In a heartfelt invitation to lapsed or estranged Catholics, Mitch Finley takes a realistic look at the various reasons people feel alienated, and proposes ways to overcome the anger, bitterness, and resentment, so that they may return. Sixty million people in the United States claim a Catholic identity, the largest religious affiliation in the country. The next largest group--approximately nine million--is made up of people who are "fallen away" or "lapsed" Catholics. Mitch Finley addresses this audience, as well as parents struggling with the almost inevitable teenage rebellion against religion, inIt's Not the Same Without You. Finley examines a wide variety of reasons Catholics choose to leave the Church, treating each one in a balanced and fair-minded way. He recounts dozens of true stories about people who have left and returned, a few about those who have yet to return, and candidly acknowledges that many--perhaps most--active Catholics experience periods of estrangement or conflict. Asking forgiveness on behalf of the Church for the ways lapsed Catholics may have been hurt by the institution or its official representatives, he also reminds readers that forgiveness needs to go both ways, and that false humility or arrogant pride all too often stand in the way of admitting to our own errors and failures. Encouraging Catholics to begin a new relationship with their religion, Finley suggests specific ways to become part of the active life of a parish once more. He also discusses the Church's obligations to those who have left, highlighting successful outreach programs developed by parishes throughout the United States. In guiding readers along the path from alienation to reconciliation, Finley shows that there are many good, objective reasons for "coming home again."


Author Notes

Mitch Finley was born on December 17, 1945, in La Grande, Oregon. After serving in the U.S. Navy from 1964-68, he earned a B.A. from Santa Clara University and an M.A. from Marquette University.

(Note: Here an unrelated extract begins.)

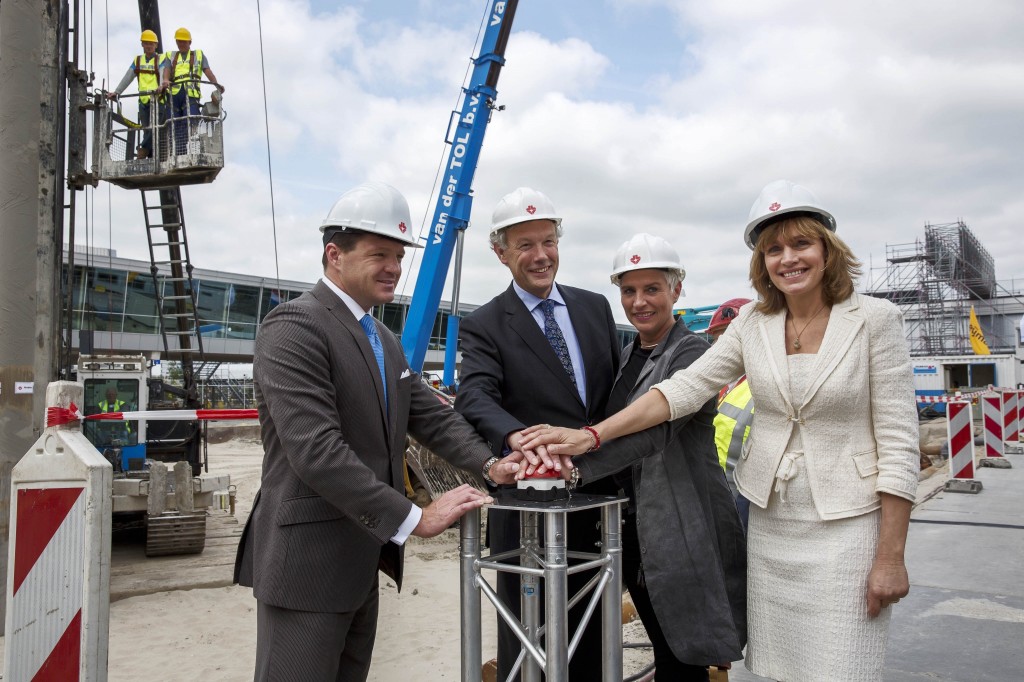 Schiphol benoemt Birgit Otto per september dit jaar tot operatoneel directeur. Daarmee wordt de verhouding tussen mannen en vrouwen in de bestuurstop van het luchthavenbedrijf gelijk. Birgit Otto treedt per 1 september toe tot de directie van luchthavenbedrijf Schiphol. Zij is de opvolger van operationeel directer Ad Rutten, die dan met pensioen gaat. Dat maakte Schiphol donderdag bekend. Otto wordt daarmee de tweede vrouw in het vierkoppige bestuur van Schiphol. In 2012 werd Els de Groot benoemd tot financieel bestuurder bij de luchthavenexploitant.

Finley served as director of the family life office of the Roman Catholic diocese of Spokane, Washington, from 1977-82. He then began a career as a freelance writer, writing on theology and religion in 1982. His later work includes Your Family in Focus (1993) and Everybody Has a Guardian Angel (1993). He received the Excellence in Writing Award from the American Society of Journalists and Authors in 1992 and awards from the Washington Press Association, the Catholic Press Association of the United States and Canada, and the National Federation of Press Women.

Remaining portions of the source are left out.